Nadie ni nada puede con la jefa del gobierno alemán, Angela Merkel, que acaba de ser reelecta por novena vez como presidenta de su partido, la democracia cristiana (Cdu).

Angela Merkel / Foto: AFP, Johannes Eisele

Nadie ni nada puede con la jefa del gobierno alemán, que acaba de ser reelecta por novena vez como presidenta de su partido, la democracia cristiana (Cdu). No pudieron con ella una sucesión de fracasos electorales que pautaron el ascenso de la extrema derecha, la creciente oposición interna, sus idas y venidas sobre la acogida de refugiados… Eso sí, la dama germana perdió votos: ganó con el apoyo del 89,5 por ciento de los adherentes a la formación conservadora, casi que su resultado más magro en 17 años (el peor fue en 2004: 88,5).

En setiembre de 2017 Merkel será candidata a su propia sucesión en las elecciones legislativas.
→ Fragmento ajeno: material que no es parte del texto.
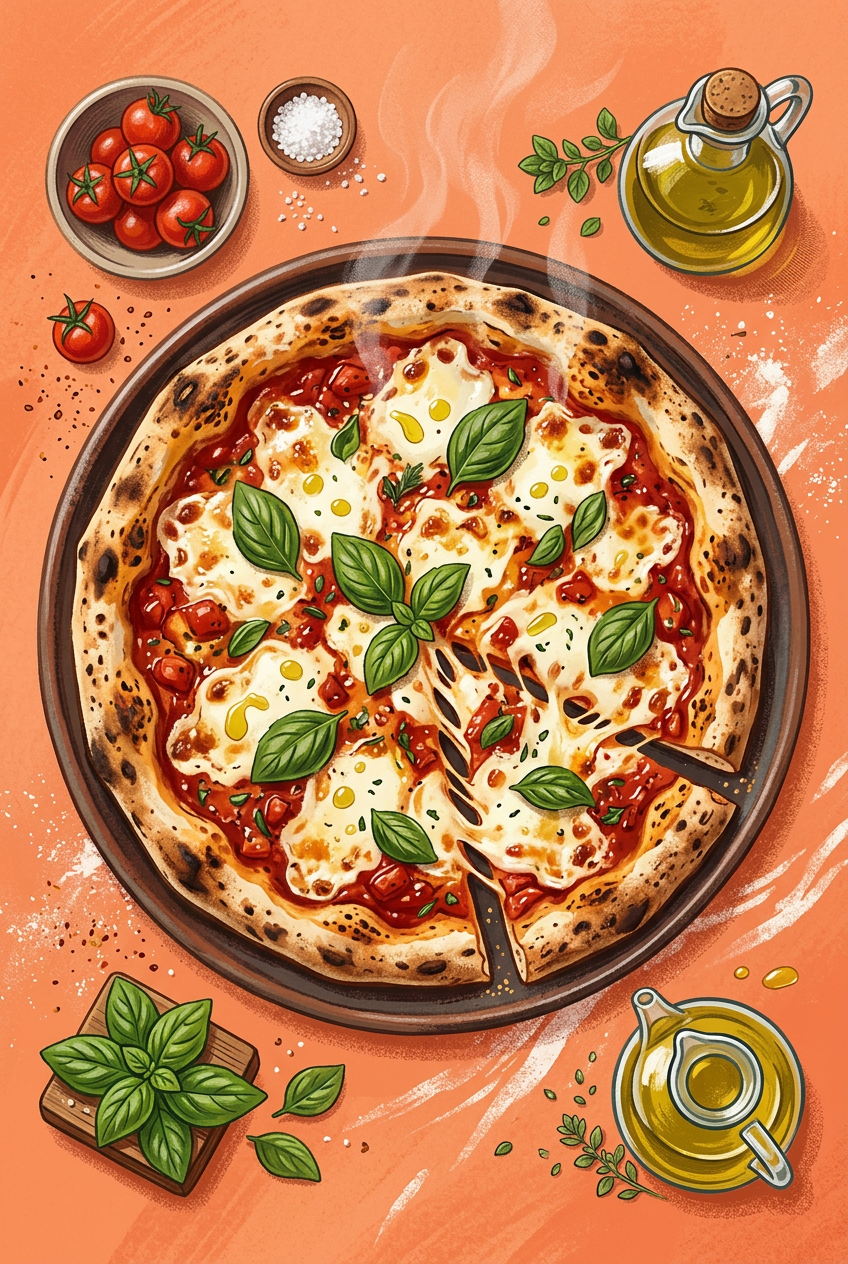 Affiche de pizza Margherita, poster illustré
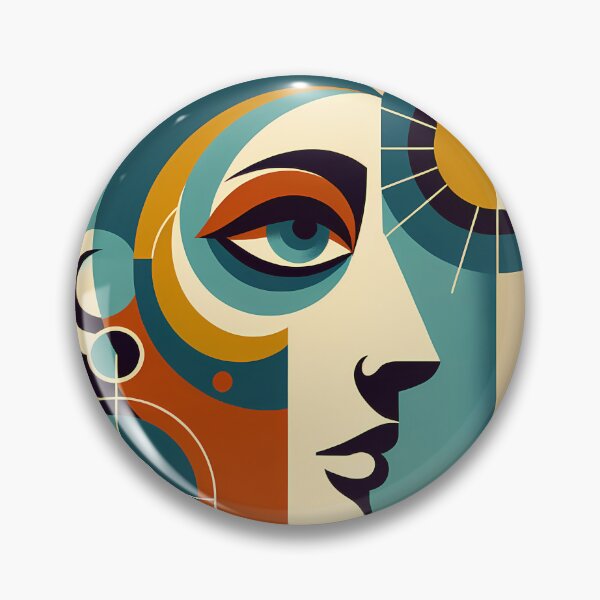 Item preview, Geometric Abstract Face with Sun Motif designed and sold by InkSmithery.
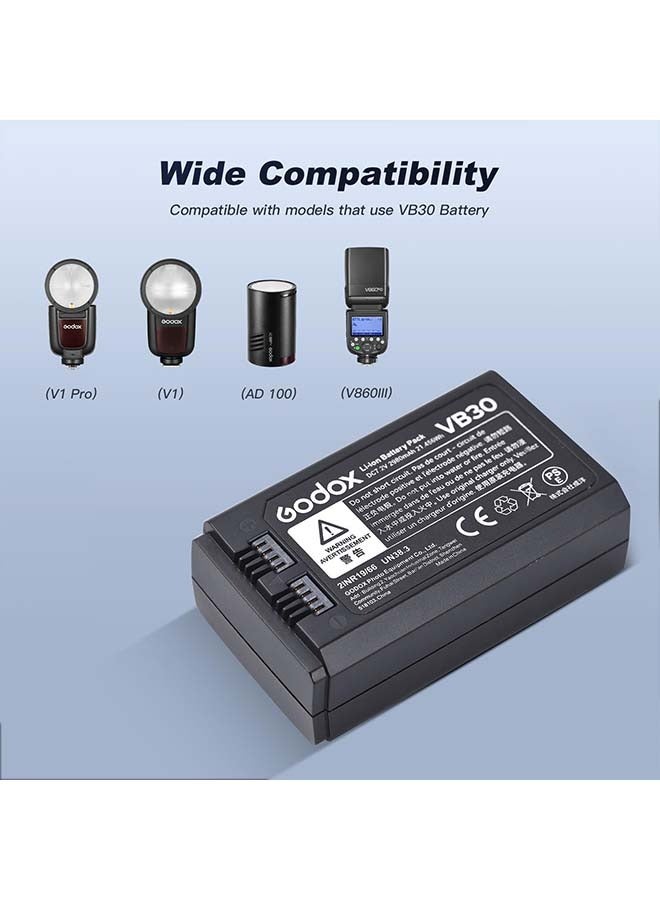 GODOX V1Pro V1 Battery VB30 Battery Replacement with Type-C Port for V1ProC V1ProS V1ProN V1S V1C V1N V1F V1O V1P V860III-S V860III-C V860III-N V860III-F V860III-O Camera Flash Speedlite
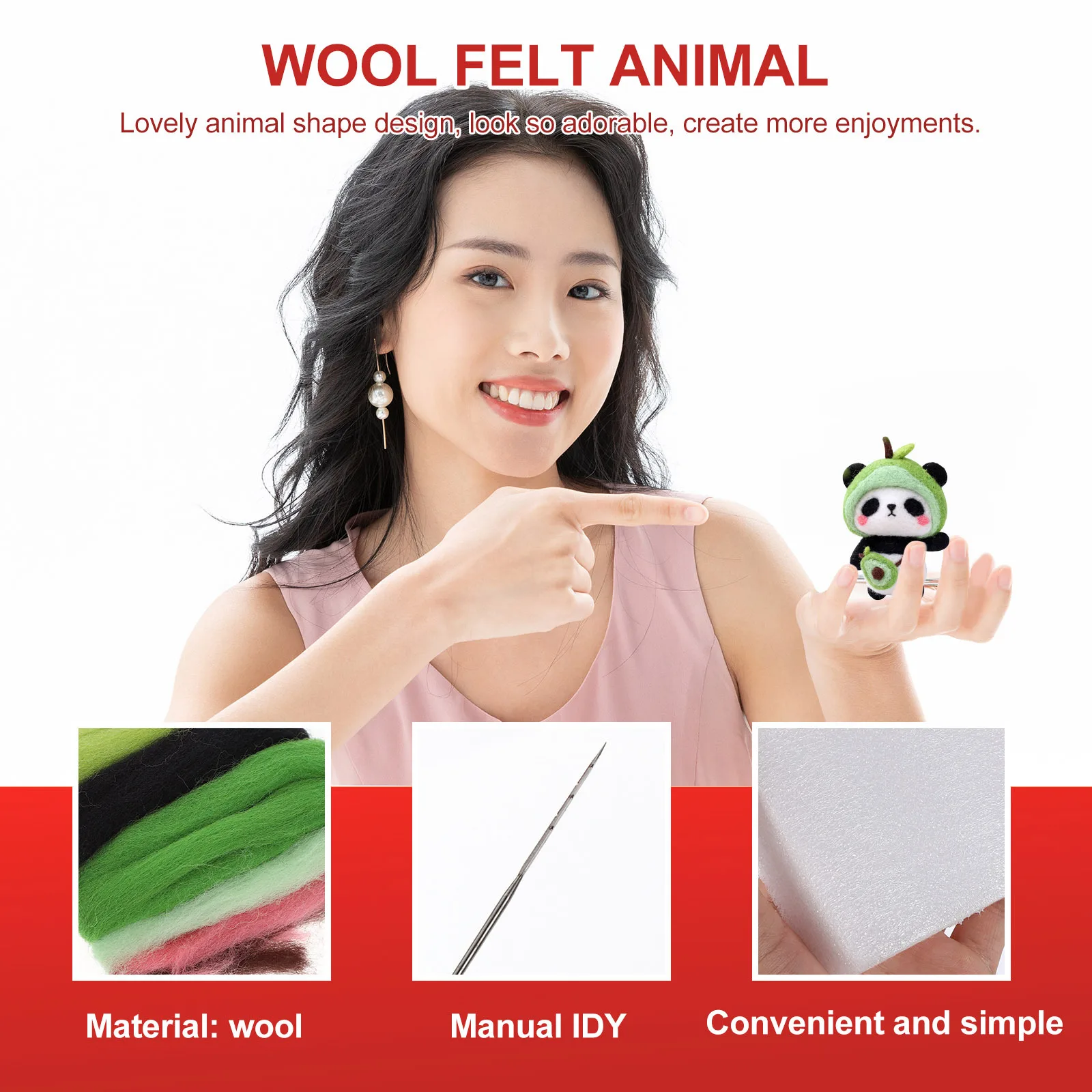 

1Set Wool Needle Felting Kit Panda DIY Craft Material Beginner Friendly Handmade Cute Gift Relaxing Art Project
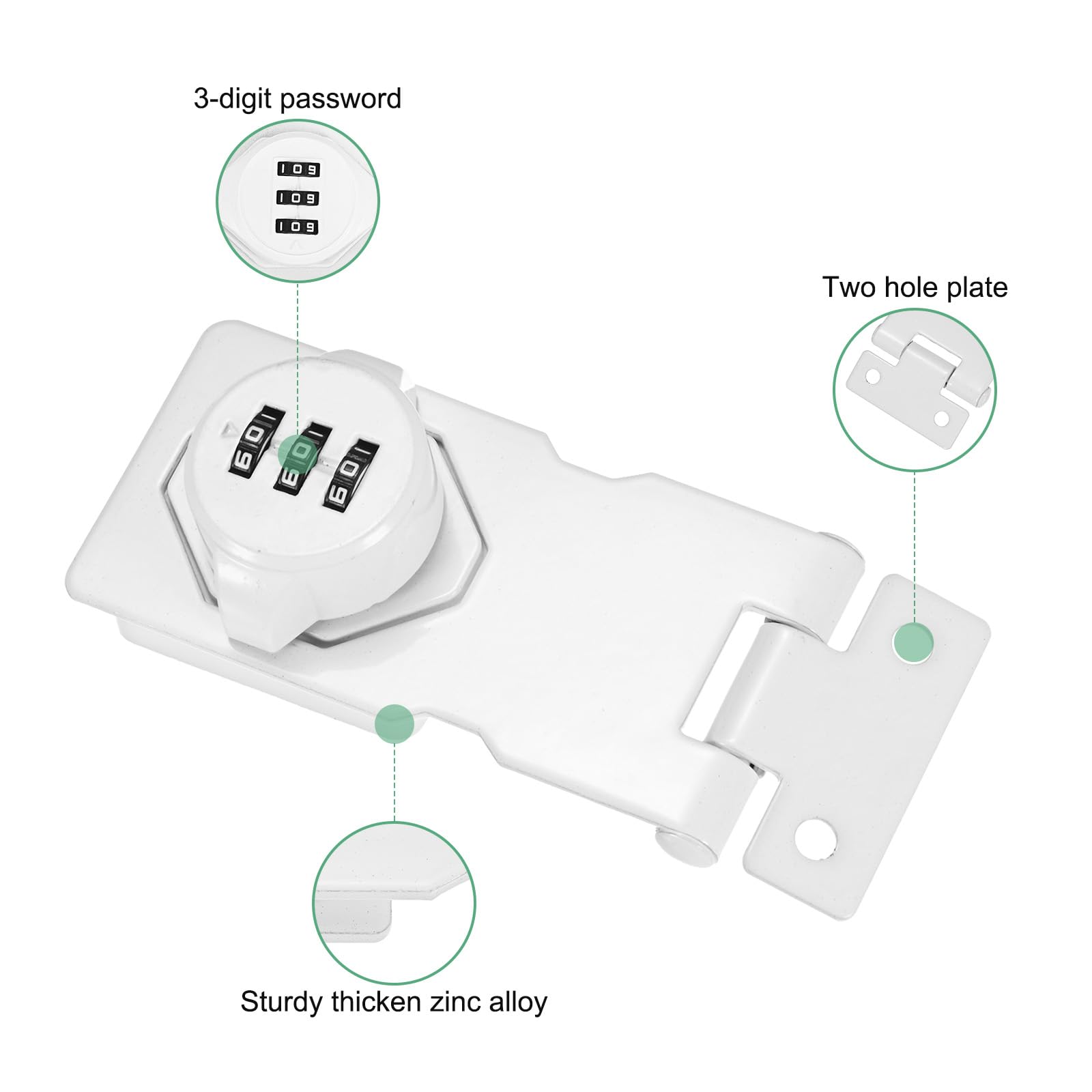 M METERXITY 2-Pack Keyless Combination Lock, 3.7" Zinc Alloy Mechanical Password Twist Knob Hasp Locks Latch - Image 2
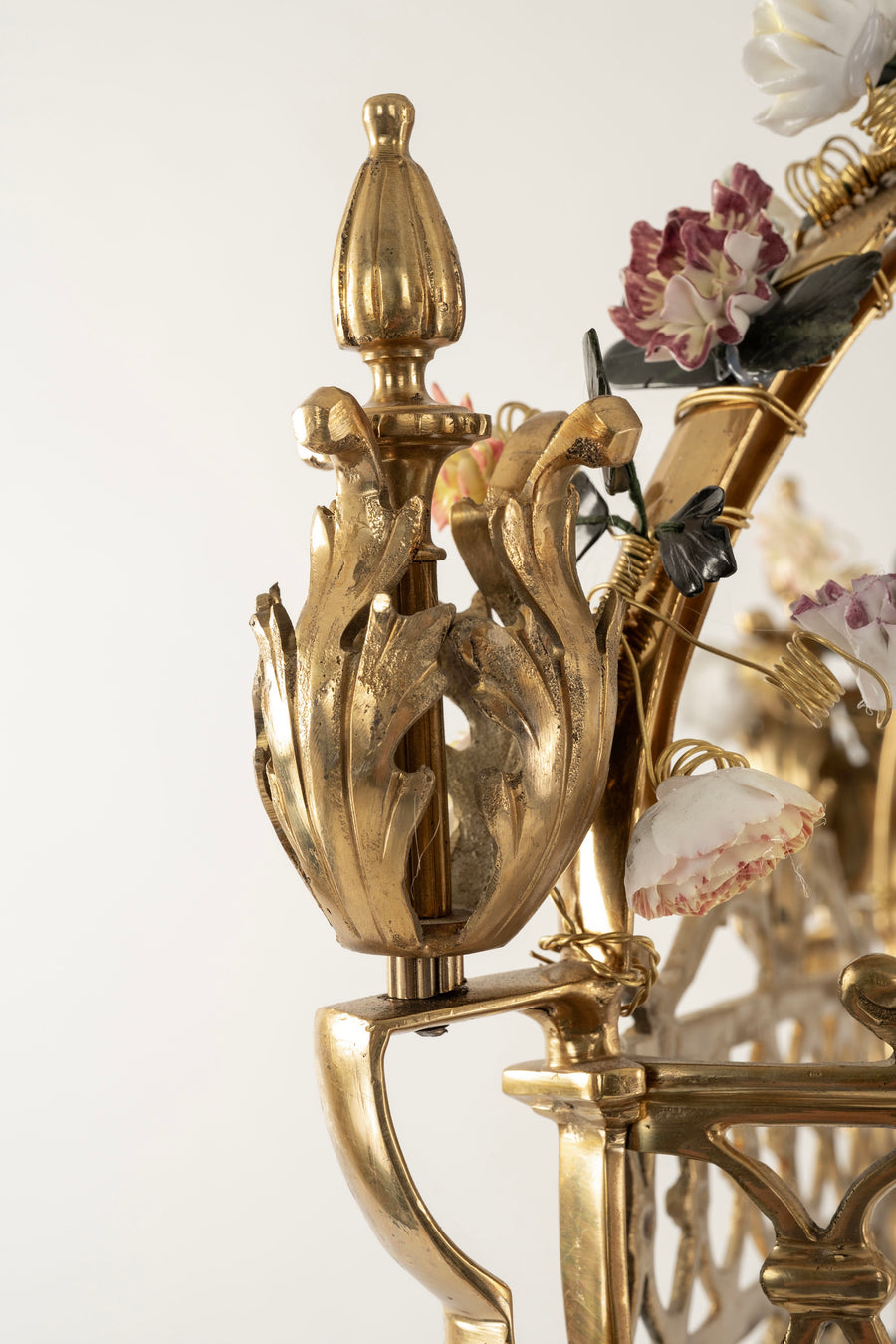 Porcelain-Mounted Bronze Dore Hall Lantern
De ganar, sería su cuarta gestión. No la va a tener fácil, aunque por el momento no se avizora quién podría desbancarla como jefa del gobierno federal. La canciller (ese es el nombre que reciben los primeros ministros en Alemania) ya está adaptando de todas maneras su discurso ante la perspectiva de enfrentarse a una extrema derecha, encarnada en el partido Alternativa para Alemania (Afd), en constante crecimiento basado en un discurso centrado casi que exclusivamente en el rechazo a la “islamización” del país por el flujo de extranjeros provenientes de países en guerra. Algunos sondeos realizados en las últimas semanas establecen que si bien la Cdu seguiría siendo el partido más votado del país en 2017, y el socialdemócrata Spd el segundo, Afd se colocaría tercera, ganando terreno fundamentalmente sobre los conservadores y dejando a La Izquierda (Die Linke) en un lejano cuarto lugar.

De los gobernantes europeos, Merkel fue quien más presionó en favor de la acogida masiva de refugiados, y de fijar cuotas para recibirlos a todos los integrantes de la UE. En 2015 Alemania recibió a casi 900 mil candidatos al refugio. Los propios grandes empresarios germanos presionaron en favor de tal actitud, pensando en el recambio a largo plazo de la mano de obra de la industria nacional en vistas del bajo crecimiento demográfico que registra Alemania y la buena calificación de gran parte de los extranjeros escapados de sus países. Pero luego Merkel cambió y endureció el tono: adhirió al tratado de extradición UE-Turquía que antes había rechazado, prohibió el uso del burka y del llamado “bikini islámico” y dijo –lo repitió esta semana en el congreso– que “la situación de 2015 no puede producirse otra vez. No todos los refugiados que llegaron pueden y deben quedarse aquí”. Fueron esas frases, y otras en las que aludió a la “necesidad” de prohibir el burka y el niqab (pocos meses antes la canciller se presentaba como una firme defensora de la libertad religiosa), las que recibieron mayores ovaciones de los participantes en la instancia decisiva de la Cdu. Uno de los textos aprobados en el congreso advierte sobre la inminencia de deportaciones masivas de refugiados llegados en 2015 y felicita a los países de los Balcanes por haber cerrado sus puertas a los inmigrantes, una medida que en su momento Merkel tachó de extremadamente peligrosa por forzar a los desesperados que escapan de las guerras y de la miseria en Siria, Irak, Libia, Sudán, Afganistán, Eritrea, a tomar rutas que pueden conducirlos a la muerte, como la del Mediterráneo.